Are Disc Players Dead?


How important is a disc player anymore? I think that stand alone DAC's have far eclipsed the stand alone disc player in importance over the last 3 years with the rise of server based music.

Only an SACD really needs a disc player anymore. In what instance can you get better sound from a disc player than when you download the music, CD or HiRez, then play it back through a new stand alone DAC with the latest technology?

I really only use my very humble disc player to watch movies that I own now. I download most movies to rent through AppleTV, and if I buy a CD (rare) I download it to the server, where it takes up residence in iTunes for playback in AIFF format.

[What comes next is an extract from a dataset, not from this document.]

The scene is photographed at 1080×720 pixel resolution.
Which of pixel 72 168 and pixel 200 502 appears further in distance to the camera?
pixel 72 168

So, disc players on their deathbed, as DAC move to the top of the digital mountain?

I say yes.
macdadtexas

Showing 4 responses by nglazer

They are most assuredly not. Many of us like the simplicity, reliability and high SQ of transports and DACs, traits often not found in server-based music systems. We eschew the myriad of acronyms, server and software hiccups, crashes, droputs, firmwares, updates, backdates, minute-by-minute obsolescence of server-based music, especially through USB. At least early day CDP's were reliable!

Neal
This is not to say that the day of server-based systems that reliably provide as high SQ and reliability as CDP or Transport - DAC based systems is not coming. But, as Charles1dad points out, currently (no pun intended) they are just too "buggy" and too many audio manufacturers have rushed servers, streamers and USB Dac's out the door too quickly, in order to ride the wave. At least the early CDP's, while far from the apogee of SQ, played reliably. My Magnavox CDB 650 (or something like that), the first 16-bit CDP, still plays! I wasn't on the phone with Tech Support 5 times a day -- ever!

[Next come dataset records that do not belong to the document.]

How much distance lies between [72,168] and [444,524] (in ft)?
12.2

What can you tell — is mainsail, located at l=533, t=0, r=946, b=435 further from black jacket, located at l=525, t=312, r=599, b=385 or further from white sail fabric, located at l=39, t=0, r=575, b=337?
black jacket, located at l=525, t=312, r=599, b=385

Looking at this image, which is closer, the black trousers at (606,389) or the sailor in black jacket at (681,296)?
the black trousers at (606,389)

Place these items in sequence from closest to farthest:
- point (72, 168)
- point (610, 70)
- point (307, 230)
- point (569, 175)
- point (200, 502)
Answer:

Believe me, I would love to use a server-based system and not have to elevate my corpus, get vertical, use my upper extremities, and actually pick out a CD to listen to in its organic entirety!

Neal
Kijanki,

I don't think there are many people who don't use a computer, even though they think it is buggy and confucing (myself among them, even though I was an early adapter going back to DOS days). I think you can see from the comments in this thread that there is a wide range of experiences with computer audio, some of it great, some tolerable, some not so good. That is not the case with CDP's or transports and DAC's. That is my only point. And I also think it is much more difficult to get audiophile - grade SQ from computer based audio than CD-based. You need the right computer, backup hardware and software, player software, streamer or player hardware, USB or Toslink or firewire cables and good, reasonably priced download source and/or ripper software. That's a lot of pieces in which something can go wrong, even before they all have to communicate with each other. I just don't think computer audio is there yet for a high percentage of actual and prospective users. I eagerly await the day it is. I carry no brief for shiny discs, but nothing in this world sends my blood pressure higher than indecipherable error messages.

Neal
Macdactexas,

I have had an iPod and have been using iTunes since the day Apple came out with a Windows - capable iPod. I use a Classic with a Wadia i170 into my W4S DAC2. I am highly computer literate and easily could go the route you suggest. But my experience with Toslink has been poor and I have not read much that was good about AppleTV or equivalent for truly high end sound. I have not heard of for a computer audio route to compare to my RAM modded CEC TL-1X transport, via a Stealth Sextet digicable, to W4S DAC2: 2 components and a cable, top of the line sound, works every time. No kernel streaming, ASIO, WASAPI, crashes, dropouts, ripping, burning, downloading, backup, viruses, incomprehensible or nonexistent instructions, firmware, infirmware, et al. When computer audio routinely gets rid of those impediments, sign me up.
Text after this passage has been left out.